Mas há contradições. Omar fala da tentação de “ganhar dinheiro rápido” no tráfico. Issa, embora diga querer ser pastor, admite que se sente tentado ao ver colegas com tênis de marca e celular novo. Para Mônica, esses dilemas são centrais: “A masculinidade negra periférica é construída entre a tentativa de fugir do estigma e a necessidade de sobreviver — o que, às vezes, leva a uma adesão parcial a esse mesmo estigma”.
Escola e trabalho: promessas e frustrações
A escola, embora central na trajetória dos quatro entrevistados, aparece na tese como um espaço que ora acolhe, ora repele. Dayo se diz “invisível” para professores. Omar relata episódios de violência escolar e punições desproporcionais. Ao mesmo tempo, todos reconhecem na escola uma chance de sair “do caminho errado” — expressão usada repetidamente.
Já o trabalho surge como símbolo de maturidade e segurança. Idris começou a vender balas no trem aos 12 anos. Issa ajudava o pai como ajudante de pedreiro. O desejo de trabalhar está presente nos quatro jovens, mas quase sempre se choca com a realidade de um mercado informal, precário e, muitas vezes, excludente. “O trabalho aparece como estratégia de sobrevivência, mas não necessariamente de emancipação”, pontua Mônica.
A fé como refúgio e projeto
Entre os entrevistados, a religião — especialmente o protestantismo evangélico — aparece como espaço de cuidado e construção de valores. Omar fala com carinho da igreja que frequenta com a avó. Issa, como já dito, quer ser pastor. Para Mônica, as igrejas evangélicas na Baixada Fluminense cumprem papéis que o Estado muitas vezes ignora: oferecem alimentação, lazer, redes de sociabilidade e, em alguns casos, oportunidades de inserção no trabalho informal.
Contudo, a pesquisadora também aponta limites: “Se, por um lado, a igreja acolhe, por outro, reforça normas de conduta rígidas e, muitas vezes, conservadoras, que podem silenciar outras formas de expressão desses jovens”.

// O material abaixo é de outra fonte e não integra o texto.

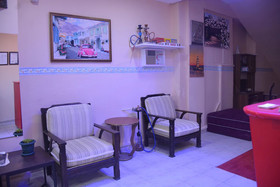 Hira Hotel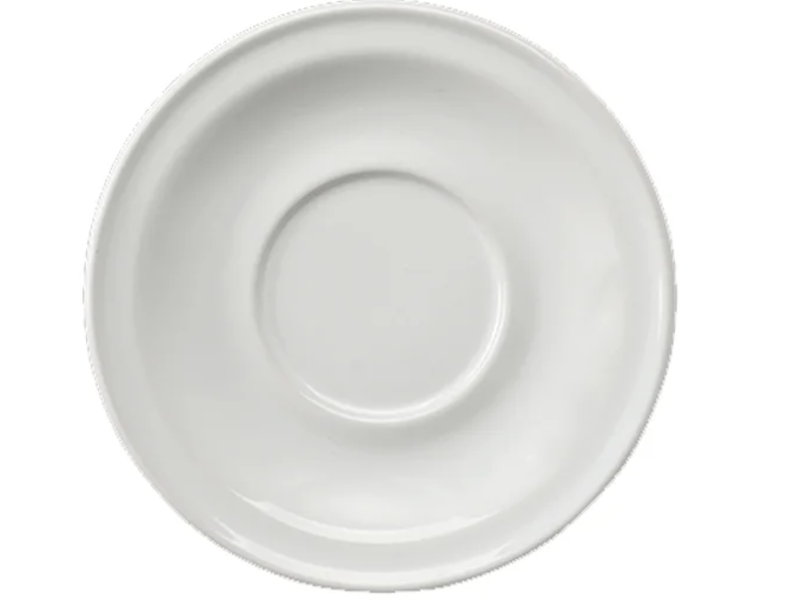 Plato Para Taza Monterrey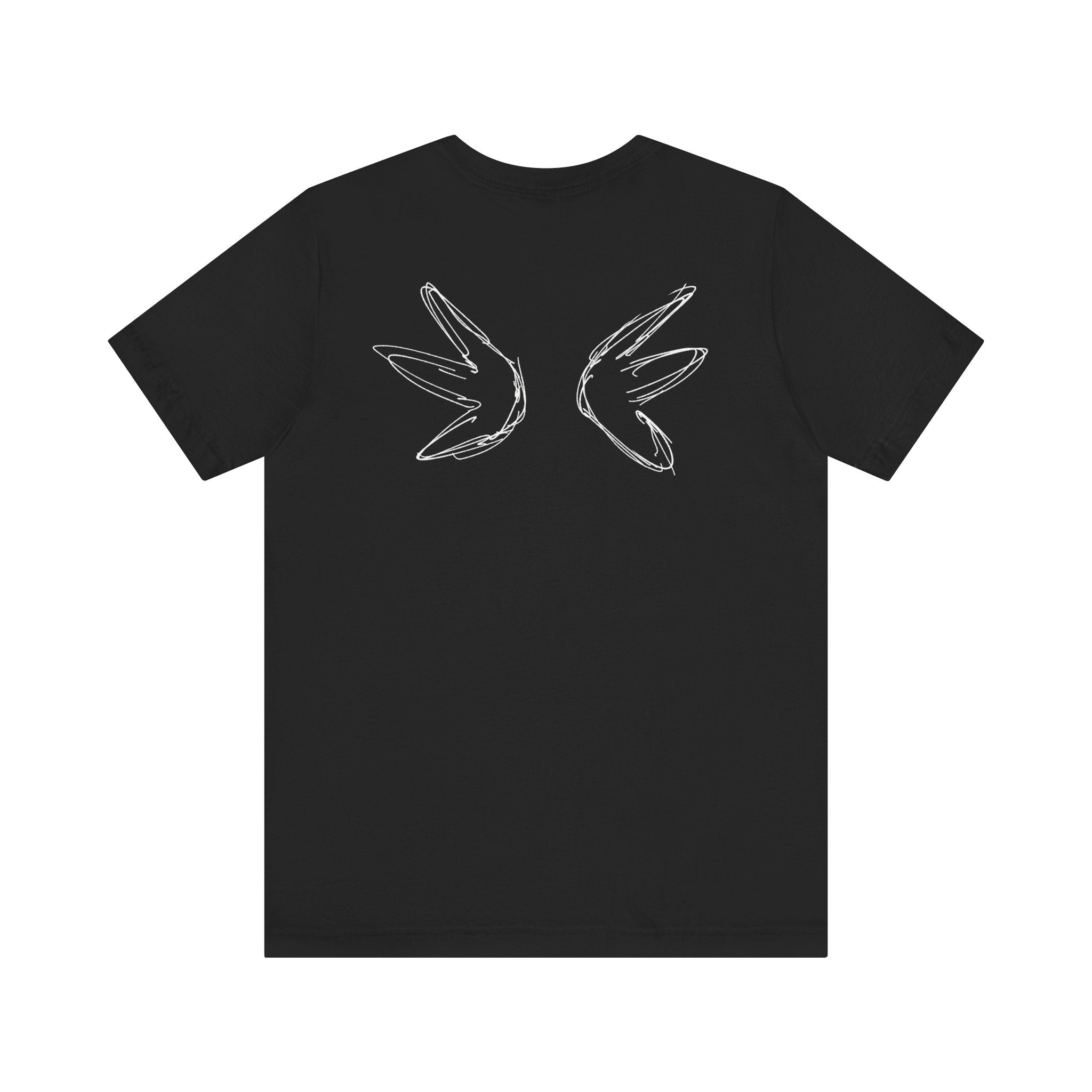 Never End - T-shirt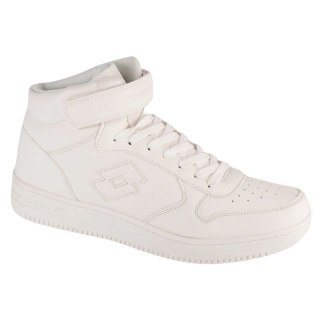 Buty Lotto Paliot Mid OC M 2400190U-1010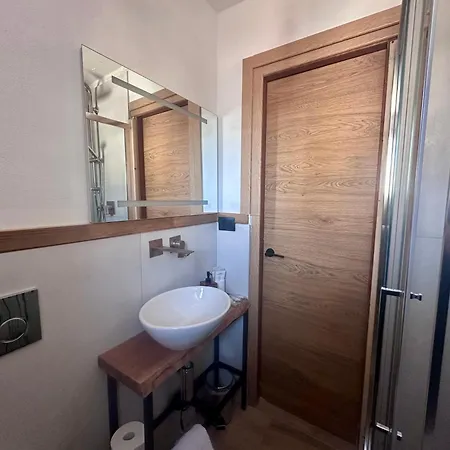 Appartement Belle Vue - Gestinghome Sestriere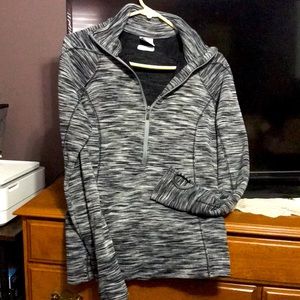 Columbia 3/4 zip top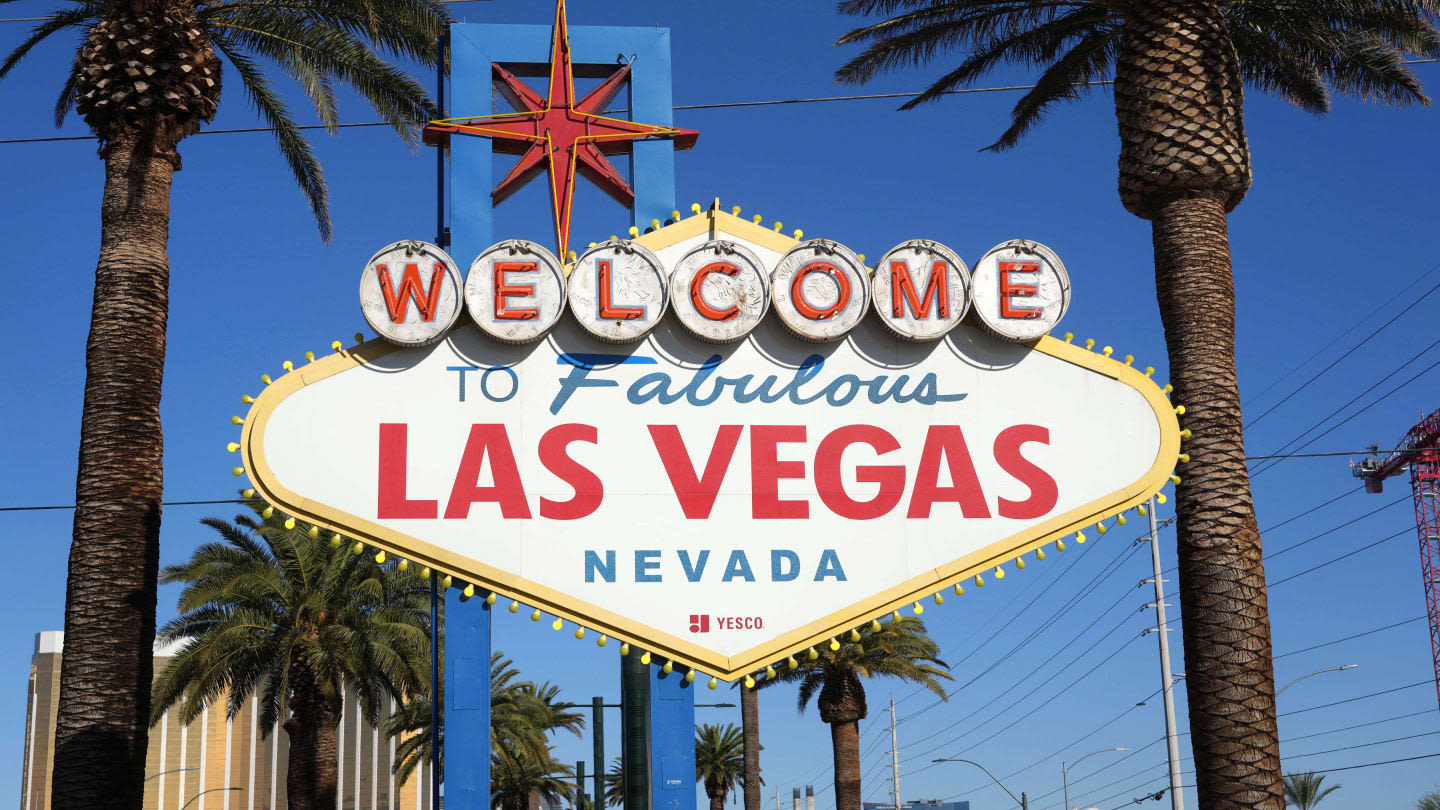 College football to host national title game in Vegas in 2027: report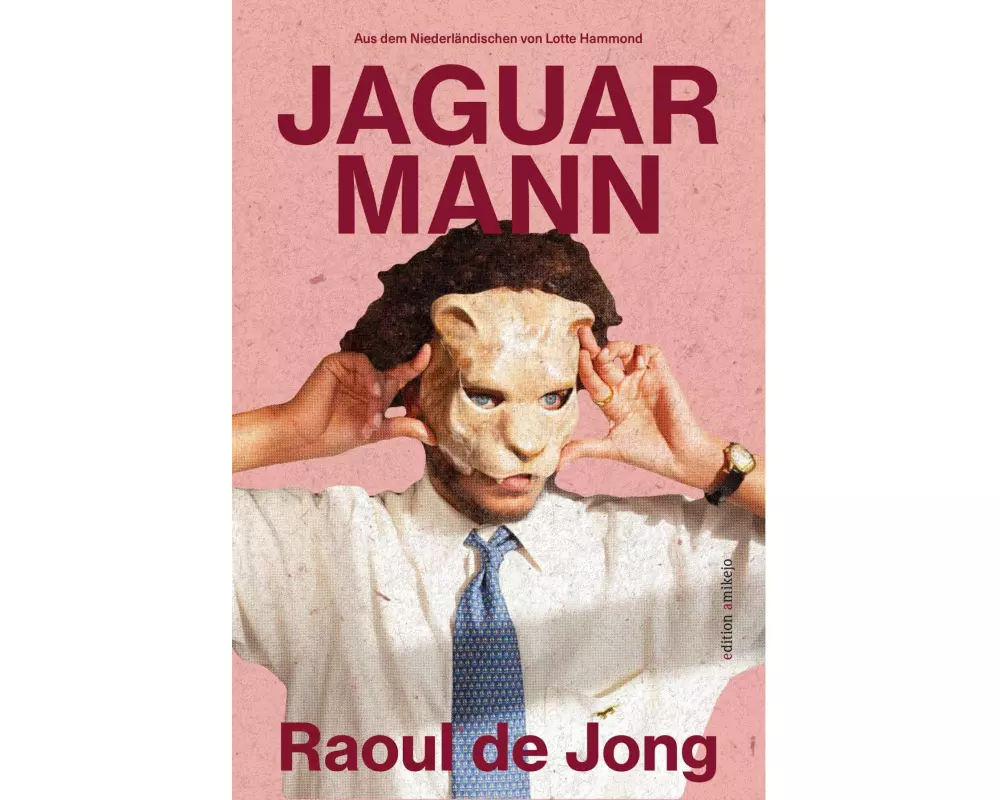 Jaguarmann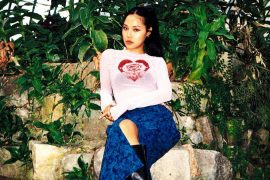 Baby Yana의 'Vroom Vroom' A Glossy Drum 'N' Bass Odyssey 초연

Polícia: entre o desejo e o medo
Um dos trechos mais complexos da tese é a análise da relação dos jovens com a figura do policial. Omar sonha em entrar para a PM. Dayo fala que queria ser policial “para ajudar as pessoas e proteger a família”. Mas todos relatam medo da abordagem, da truculência, da possibilidade de serem confundidos com criminosos.
“Esses moleques querem ser aquilo que também temem”, escreve Mônica. Para ela, essa ambivalência revela o poder simbólico que a autoridade policial exerce nos territórios: ser da polícia é, ao mesmo tempo, ser respeitado e estar do outro lado da mira. A farda, nesse contexto, é também um desejo de pertencimento e reconhecimento social.
Juventudes em movimento
A pesquisa conclui que não há uma única forma de ser jovem negro em Queimados. Ao contrário: há múltiplos atravessamentos, ambiguidades e tentativas de negociação com o que se espera deles. São jovens que criam táticas de resistência no cotidiano, silenciam para sobreviver, se protegem entre si. São também meninos que sonham, riem, se apaixonam, imaginam futuros — mesmo que o presente pareça querer lhes negar isso.
“Esses moleques pretos não são estatísticas, nem ameaças. São sujeitos que elaboram, sonham e desejam, mesmo dentro de um contexto que insiste em silenciá-los”, afirma Mônica, ao final de sua tese. Em tempos de discursos que desumanizam, sua pesquisa é um lembrete poderoso: entender essas juventudes é também reconhecer que, apesar de tudo, elas estão vivas e reinventando possibilidades.